TAC Health Card | Parkinson’s disease target validation
T layer — Mechanistic evidence
Status: STRONG
LRRK2 is implicated in kinase signaling, vesicular trafficking, lysosomal biology, and neuronal homeostasis.
Mechanistic models support a plausible role for LRRK2 dysregulation in Parkinson’s disease pathogenesis, particularly in mutation-carrying subgroups.
Preclinical work has generated a coherent rationale for therapeutic inhibition or modulation.
Φ layer — Genetic evidence
Status: STRONG
Human genetics provide strong support for LRRK2 relevance in Parkinson’s disease.
Pathogenic variants in LRRK2 are among the clearest inherited contributors to familial Parkinsonism, supporting a causal role in disease biology.
This makes LRRK2 one of the more genetically grounded targets in neurodegeneration.

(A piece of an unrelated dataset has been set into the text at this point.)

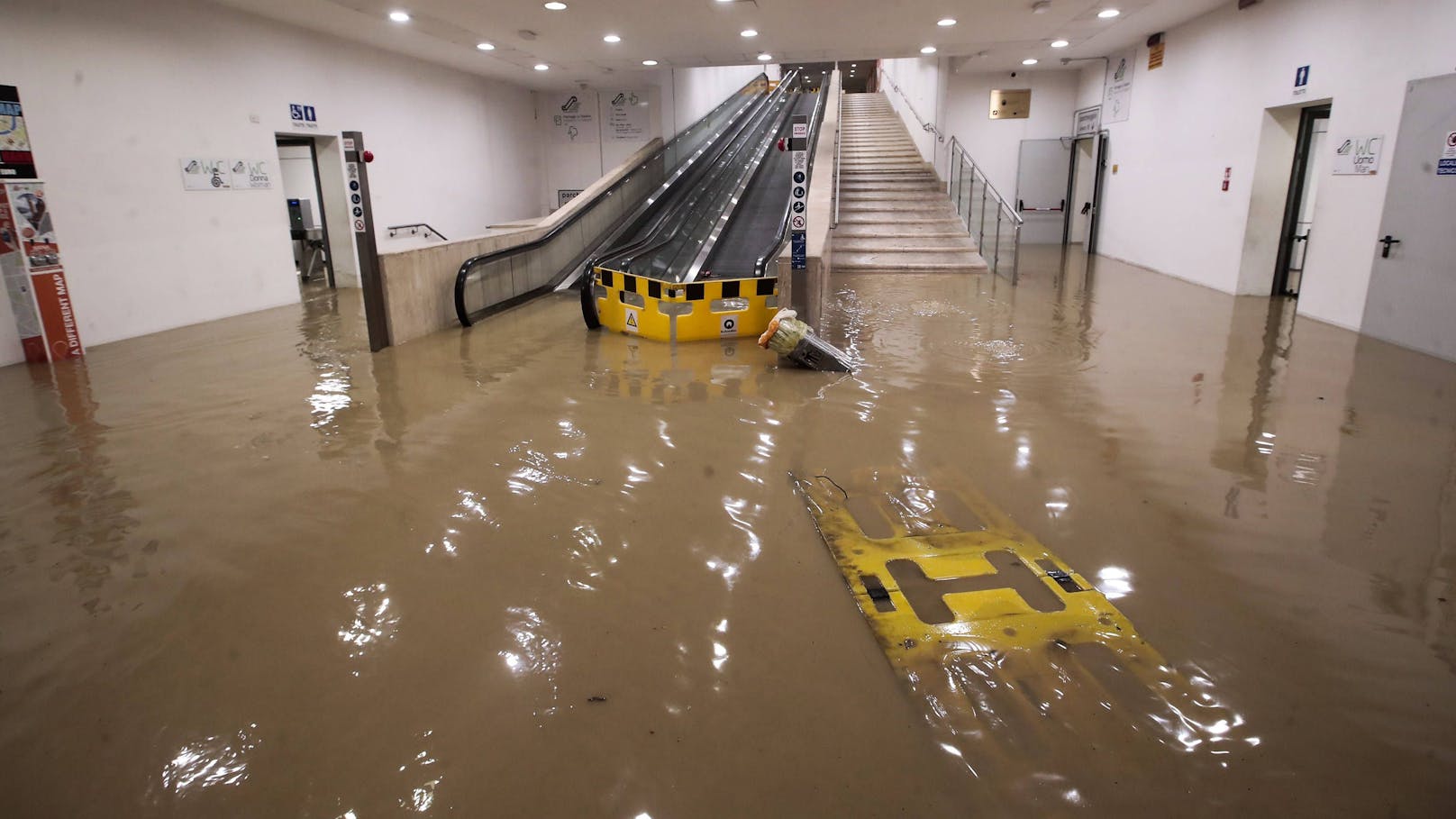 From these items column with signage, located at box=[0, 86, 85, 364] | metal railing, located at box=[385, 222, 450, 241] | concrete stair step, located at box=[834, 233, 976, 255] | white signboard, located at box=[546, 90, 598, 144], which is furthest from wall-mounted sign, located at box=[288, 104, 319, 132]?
concrete stair step, located at box=[834, 233, 976, 255]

Σ layer — Clinical evidence
Status: PARTIAL / EMERGING
Clinical translation remains incomplete.
Although target interest is high and multiple programs are active, definitive patient-level validation remains limited.
Current evidence supports continued development, but not yet full translational closure.
Alignment topology
TΦΣ
Pattern: genetics-supported frontier topology
Decision interpretation
LRRK2 represents a high-potential target with strong mechanistic and genetic support, but incomplete clinical confirmation.

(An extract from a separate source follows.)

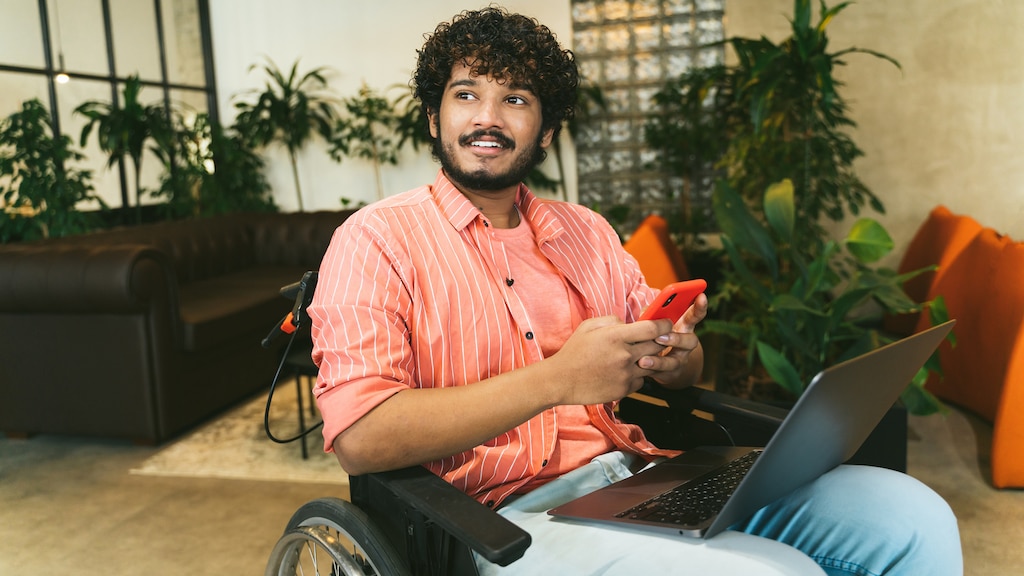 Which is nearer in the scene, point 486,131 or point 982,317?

Cross-layer evidence alignment indicates meaningful translational promise, while preserving uncertainty at the clinical layer.
This is a classic case of frontier validation rather than fully mature target de-risking.
Why this case matters
LRRK2 is a useful example of how TAC Topology distinguishes between strong scientific prioritization and true decision maturity.
It shows that even high-confidence targets may remain in an intermediate state until clinical evidence resolves translational uncertainty.